**Data for the task**
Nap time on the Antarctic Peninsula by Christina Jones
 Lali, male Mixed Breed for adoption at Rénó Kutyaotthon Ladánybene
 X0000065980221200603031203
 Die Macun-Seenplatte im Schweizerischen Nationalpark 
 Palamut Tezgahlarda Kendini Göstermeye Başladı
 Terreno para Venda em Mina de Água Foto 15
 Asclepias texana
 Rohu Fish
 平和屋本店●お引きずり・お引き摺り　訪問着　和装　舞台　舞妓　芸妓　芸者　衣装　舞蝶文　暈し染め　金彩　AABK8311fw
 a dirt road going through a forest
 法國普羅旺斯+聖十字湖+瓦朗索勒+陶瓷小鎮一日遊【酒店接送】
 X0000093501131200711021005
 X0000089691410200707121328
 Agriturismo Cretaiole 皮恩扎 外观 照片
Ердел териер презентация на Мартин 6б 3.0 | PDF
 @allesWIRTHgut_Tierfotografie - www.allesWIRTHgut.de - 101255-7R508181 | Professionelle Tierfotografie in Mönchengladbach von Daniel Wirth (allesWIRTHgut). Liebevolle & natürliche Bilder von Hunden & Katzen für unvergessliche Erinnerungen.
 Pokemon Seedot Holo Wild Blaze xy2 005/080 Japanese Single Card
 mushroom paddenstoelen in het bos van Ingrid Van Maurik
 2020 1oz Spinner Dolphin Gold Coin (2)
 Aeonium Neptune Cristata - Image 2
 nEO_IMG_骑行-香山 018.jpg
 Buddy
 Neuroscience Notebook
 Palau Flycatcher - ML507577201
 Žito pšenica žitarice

**Your goal**
Output the material above, all of it, exactly.

**Your solution**
Nap time on the Antarctic Peninsula by Christina Jones
 Lali, male Mixed Breed for adoption at Rénó Kutyaotthon Ladánybene
 X0000065980221200603031203
 Die Macun-Seenplatte im Schweizerischen Nationalpark 
 Palamut Tezgahlarda Kendini Göstermeye Başladı
 Terreno para Venda em Mina de Água Foto 15
 Asclepias texana
 Rohu Fish
 平和屋本店●お引きずり・お引き摺り　訪問着　和装　舞台　舞妓　芸妓　芸者　衣装　舞蝶文　暈し染め　金彩　AABK8311fw
 a dirt road going through a forest
 法國普羅旺斯+聖十字湖+瓦朗索勒+陶瓷小鎮一日遊【酒店接送】
 X0000093501131200711021005
 X0000089691410200707121328
 Agriturismo Cretaiole 皮恩扎 外观 照片
Ердел териер презентация на Мартин 6б 3.0 | PDF
 @allesWIRTHgut_Tierfotografie - www.allesWIRTHgut.de - 101255-7R508181 | Professionelle Tierfotografie in Mönchengladbach von Daniel Wirth (allesWIRTHgut). Liebevolle & natürliche Bilder von Hunden & Katzen für unvergessliche Erinnerungen.
 Pokemon Seedot Holo Wild Blaze xy2 005/080 Japanese Single Card
 mushroom paddenstoelen in het bos van Ingrid Van Maurik
 2020 1oz Spinner Dolphin Gold Coin (2)
 Aeonium Neptune Cristata - Image 2
 nEO_IMG_骑行-香山 018.jpg
 Buddy
 Neuroscience Notebook
 Palau Flycatcher - ML507577201
 Žito pšenica žitarice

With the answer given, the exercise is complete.